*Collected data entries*
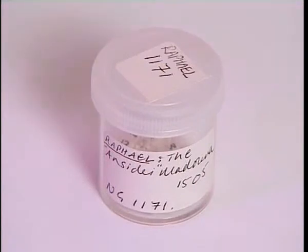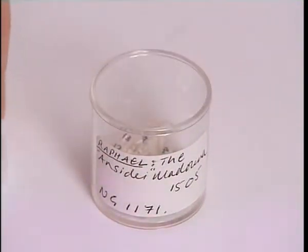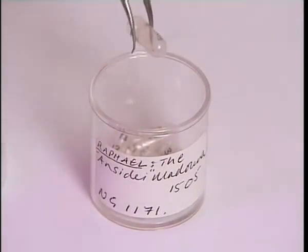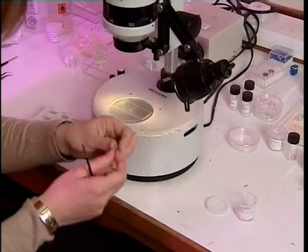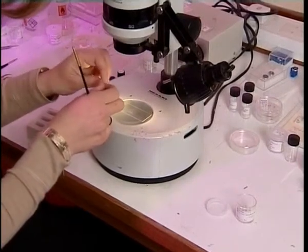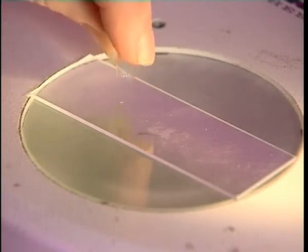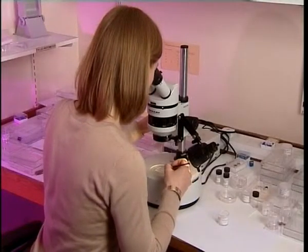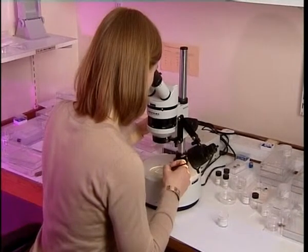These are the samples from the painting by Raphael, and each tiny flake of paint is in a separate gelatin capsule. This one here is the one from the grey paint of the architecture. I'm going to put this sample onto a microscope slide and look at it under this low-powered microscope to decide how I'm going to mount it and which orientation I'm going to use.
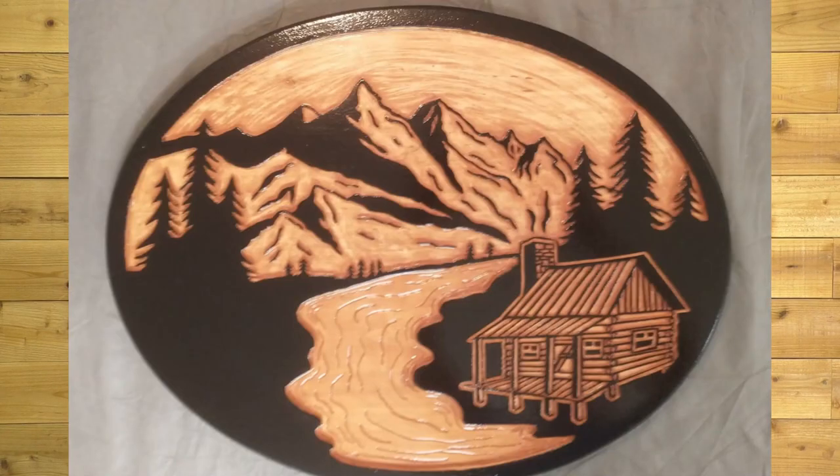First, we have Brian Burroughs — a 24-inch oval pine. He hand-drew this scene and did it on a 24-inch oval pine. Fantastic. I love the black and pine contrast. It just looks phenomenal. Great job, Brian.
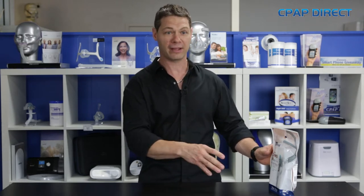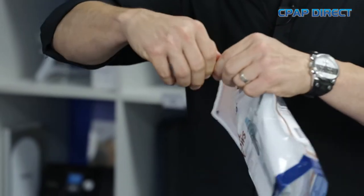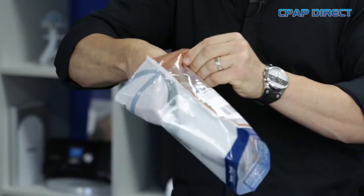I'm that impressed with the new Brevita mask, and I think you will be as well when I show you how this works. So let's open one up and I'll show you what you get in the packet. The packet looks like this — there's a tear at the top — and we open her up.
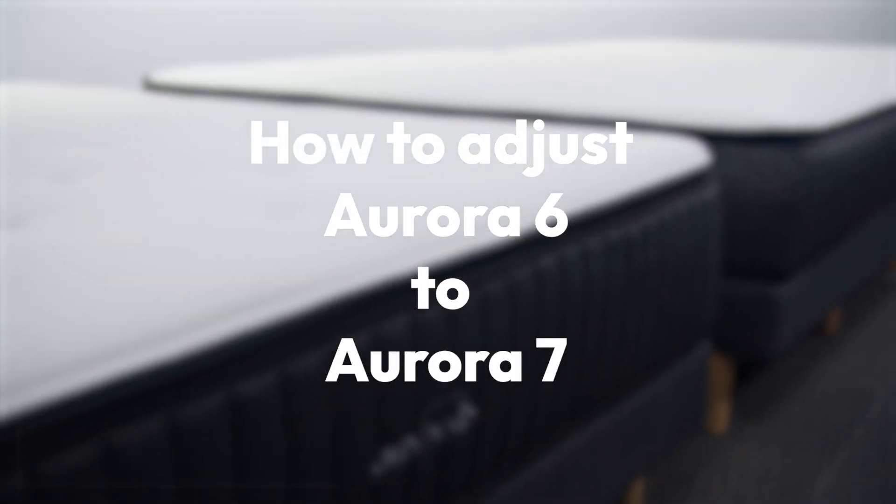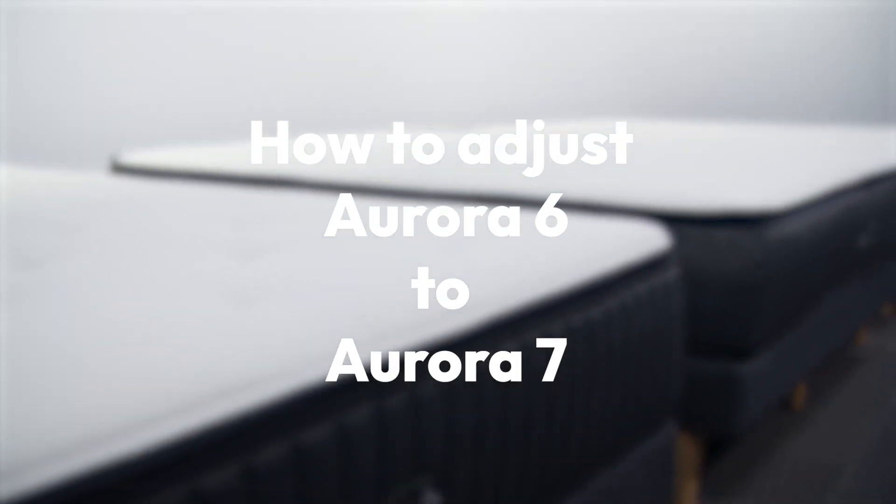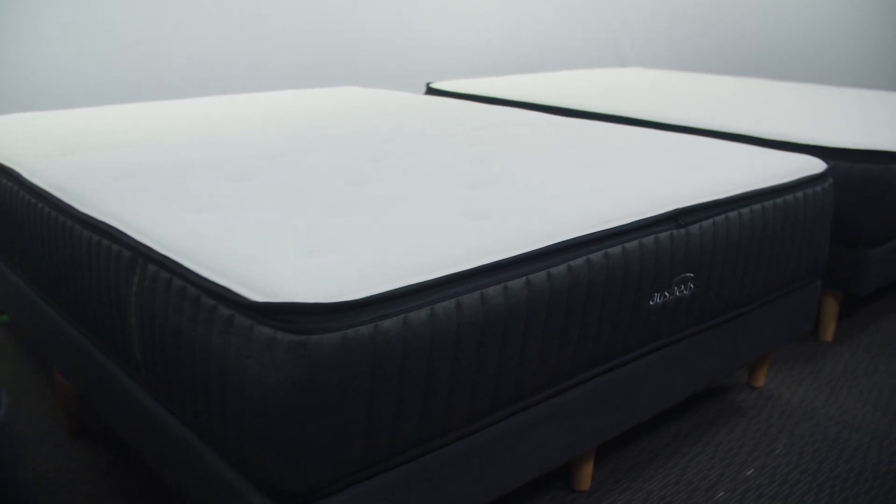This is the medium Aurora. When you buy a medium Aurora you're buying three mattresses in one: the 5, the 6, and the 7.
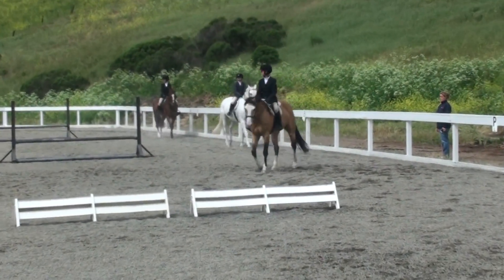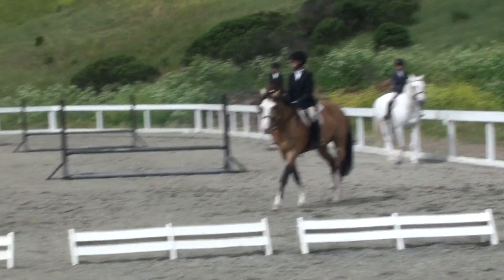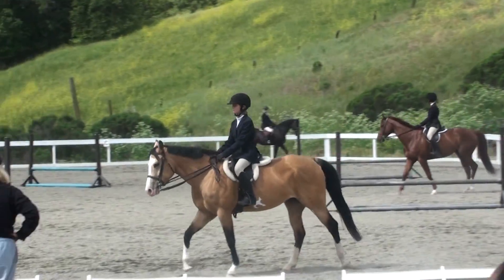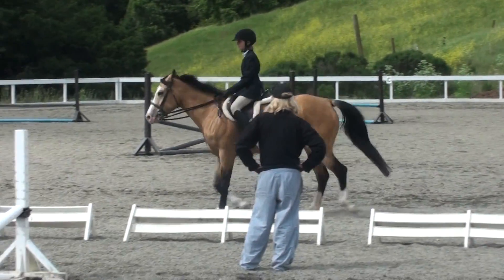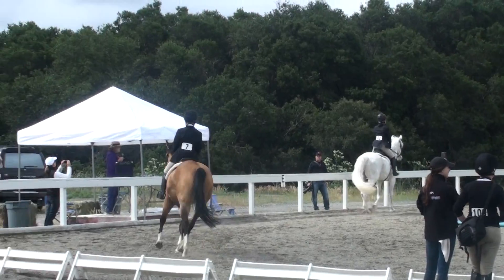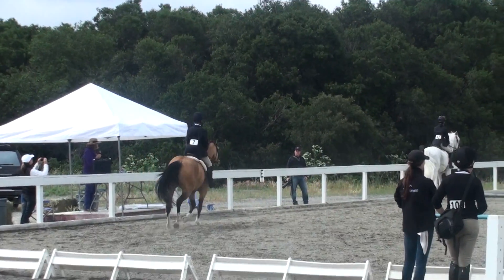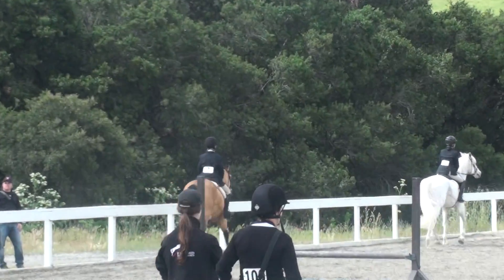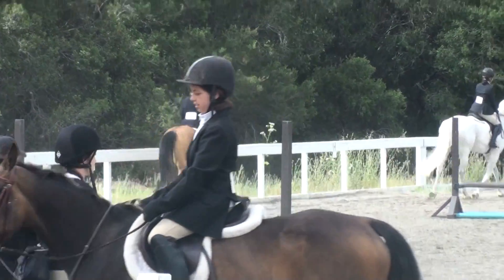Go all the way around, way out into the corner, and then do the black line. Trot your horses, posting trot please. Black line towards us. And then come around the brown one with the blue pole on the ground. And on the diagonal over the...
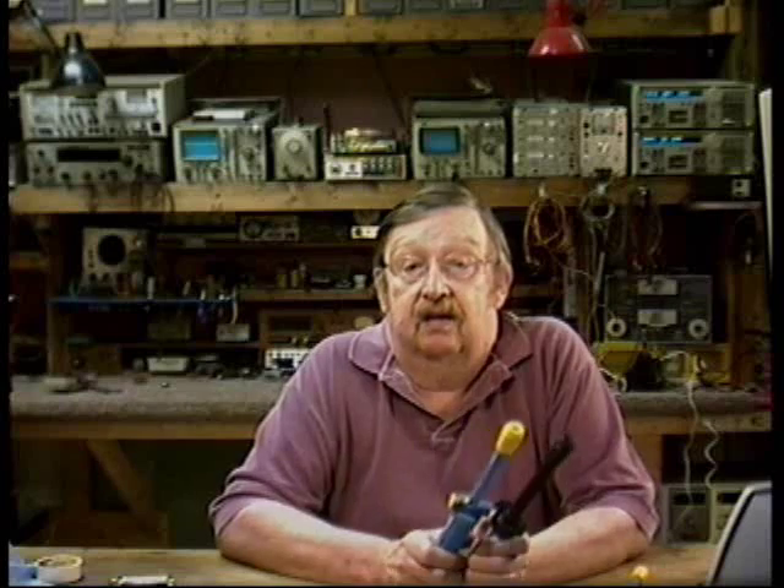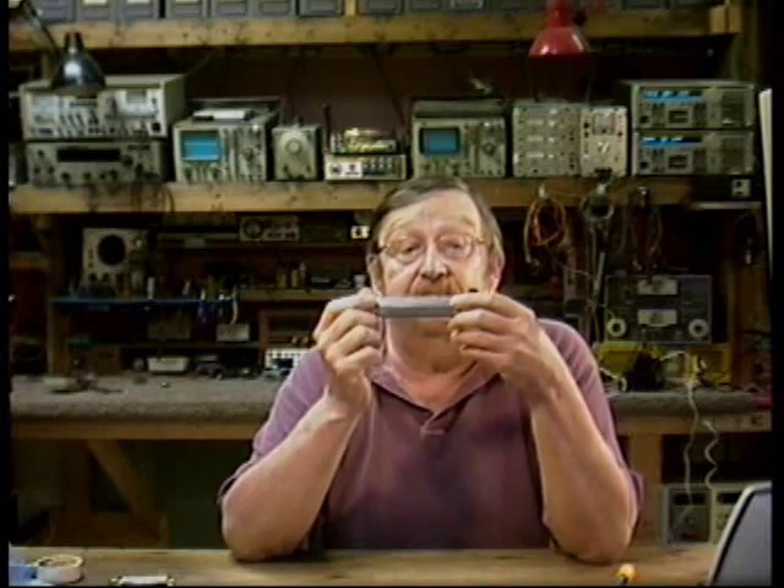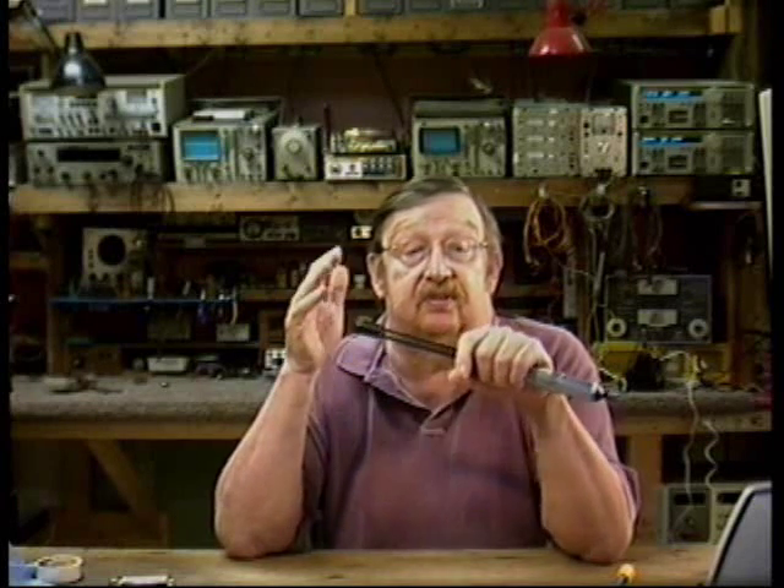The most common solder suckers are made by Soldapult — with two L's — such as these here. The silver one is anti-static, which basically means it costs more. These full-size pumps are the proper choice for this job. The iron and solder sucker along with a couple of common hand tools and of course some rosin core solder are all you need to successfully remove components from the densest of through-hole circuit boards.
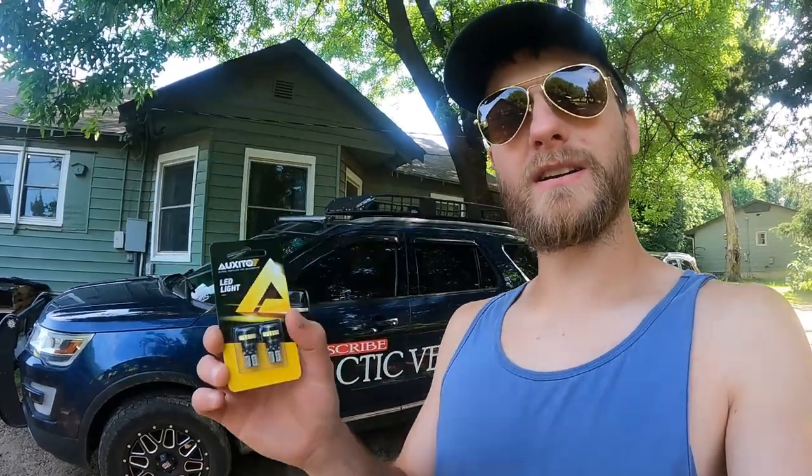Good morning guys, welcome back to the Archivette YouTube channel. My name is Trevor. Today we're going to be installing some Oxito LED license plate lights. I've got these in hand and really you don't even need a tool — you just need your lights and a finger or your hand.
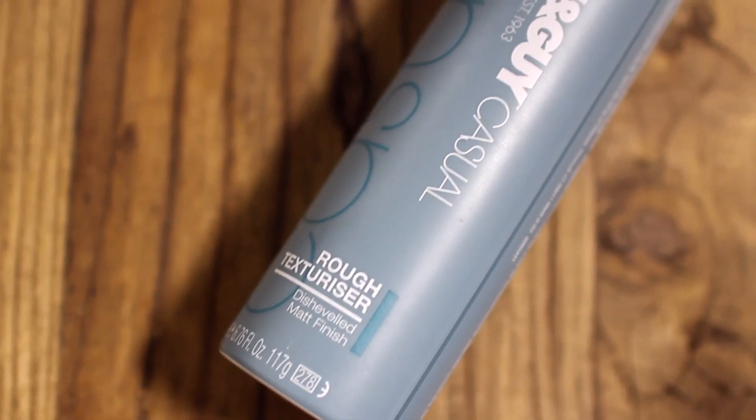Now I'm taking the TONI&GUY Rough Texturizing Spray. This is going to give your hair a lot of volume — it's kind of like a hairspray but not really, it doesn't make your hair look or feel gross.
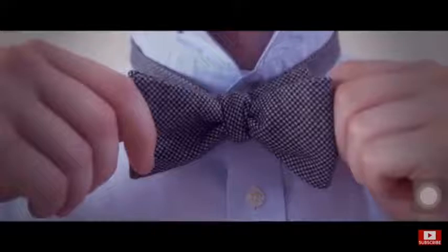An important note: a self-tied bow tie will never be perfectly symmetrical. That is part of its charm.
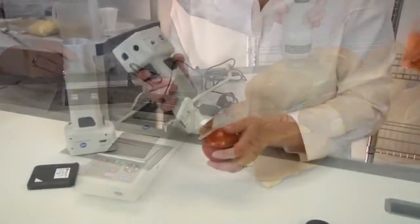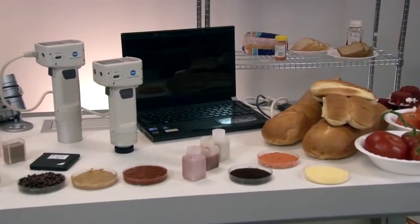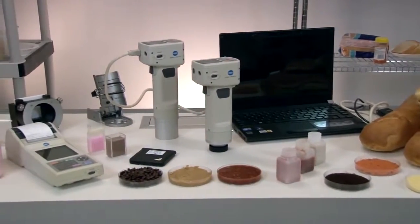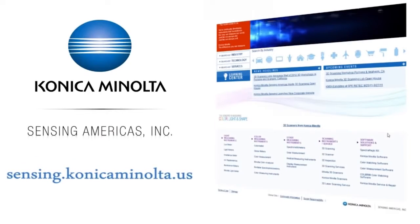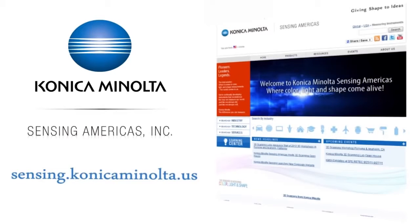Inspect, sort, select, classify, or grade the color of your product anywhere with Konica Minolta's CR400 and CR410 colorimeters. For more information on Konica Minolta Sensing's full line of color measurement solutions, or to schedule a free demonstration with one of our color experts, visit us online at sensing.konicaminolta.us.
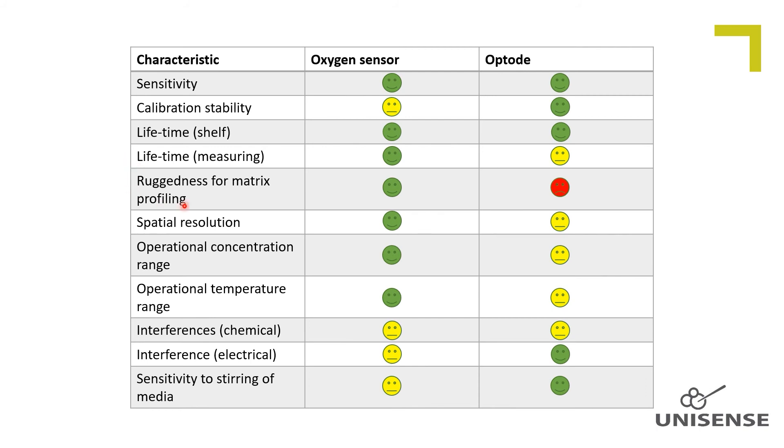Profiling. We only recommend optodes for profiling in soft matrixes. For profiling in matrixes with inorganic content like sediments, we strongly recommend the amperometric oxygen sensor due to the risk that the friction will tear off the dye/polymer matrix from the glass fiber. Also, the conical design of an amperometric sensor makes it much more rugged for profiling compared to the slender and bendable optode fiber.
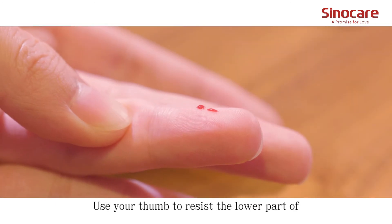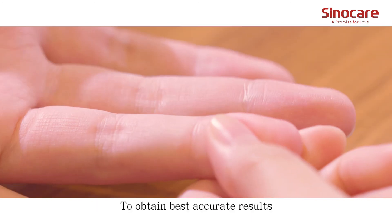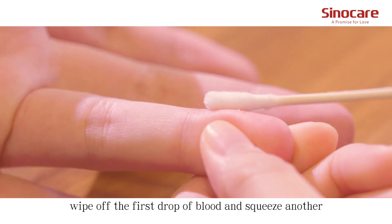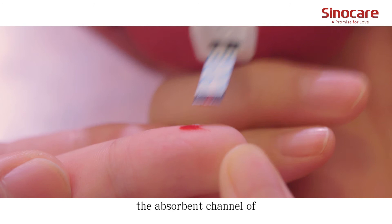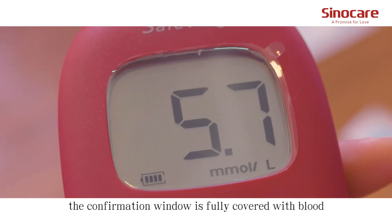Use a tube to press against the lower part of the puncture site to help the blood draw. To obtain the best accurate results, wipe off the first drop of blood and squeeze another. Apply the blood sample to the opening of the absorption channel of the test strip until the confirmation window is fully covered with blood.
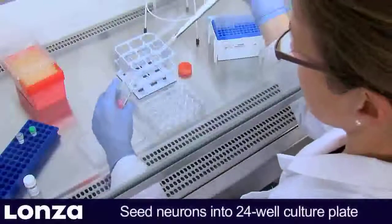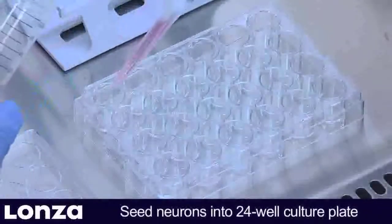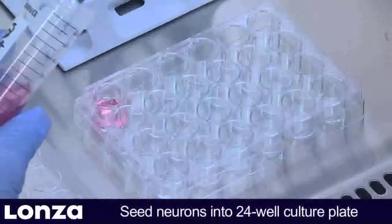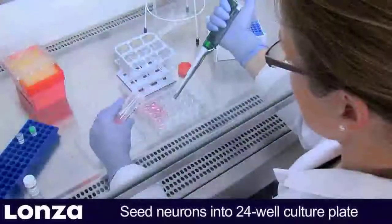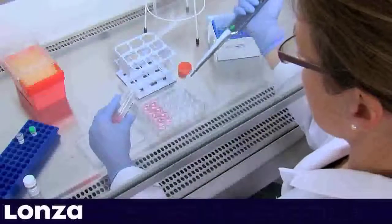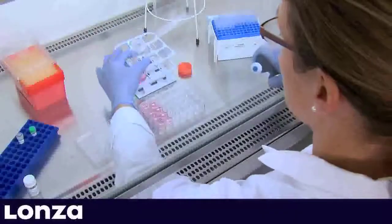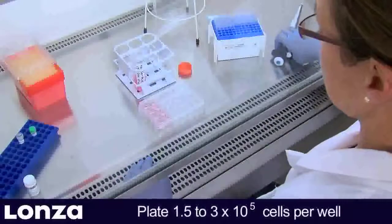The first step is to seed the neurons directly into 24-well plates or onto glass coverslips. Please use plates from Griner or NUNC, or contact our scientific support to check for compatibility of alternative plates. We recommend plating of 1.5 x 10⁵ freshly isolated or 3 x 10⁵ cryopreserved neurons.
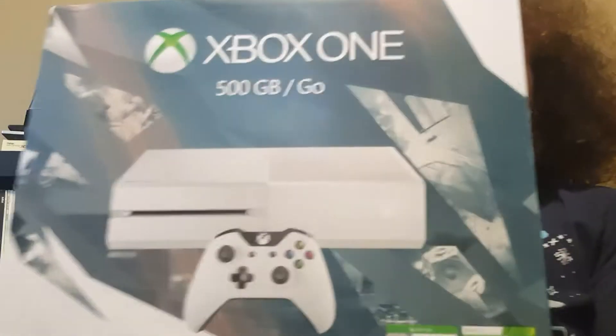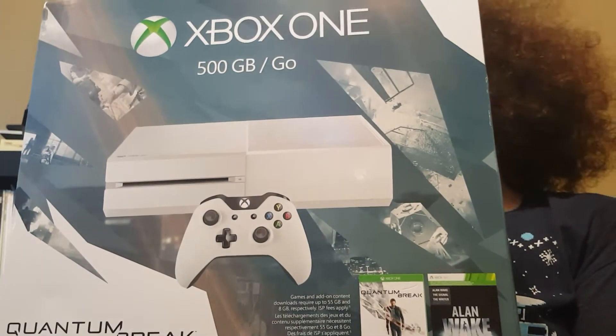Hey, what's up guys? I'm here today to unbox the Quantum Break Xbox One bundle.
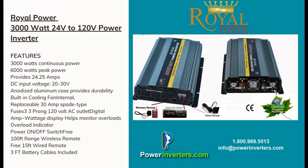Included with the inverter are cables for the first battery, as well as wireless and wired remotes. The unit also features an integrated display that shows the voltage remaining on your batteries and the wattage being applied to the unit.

*Exercise instructions*
Would you copy the lines above exactly, starting with the one that has "An important note: a" and ending with the one that has "Profiling. We only", both included, without the pictures?

*Answer for this exercise*
An important note: a self-tied bow tie will never be perfectly symmetrical. That is part of its charm.
Inspect, sort, select, classify, or grade the color of your product anywhere with Konica Minolta's CR400 and CR410 colorimeters. For more information on Konica Minolta Sensing's full line of color measurement solutions, or to schedule a free demonstration with one of our color experts, visit us online at sensing.konicaminolta.us.
Profiling. We only recommend optodes for profiling in soft matrixes. For profiling in matrixes with inorganic content like sediments, we strongly recommend the amperometric oxygen sensor due to the risk that the friction will tear off the dye/polymer matrix from the glass fiber. Also, the conical design of an amperometric sensor makes it much more rugged for profiling compared to the slender and bendable optode fiber.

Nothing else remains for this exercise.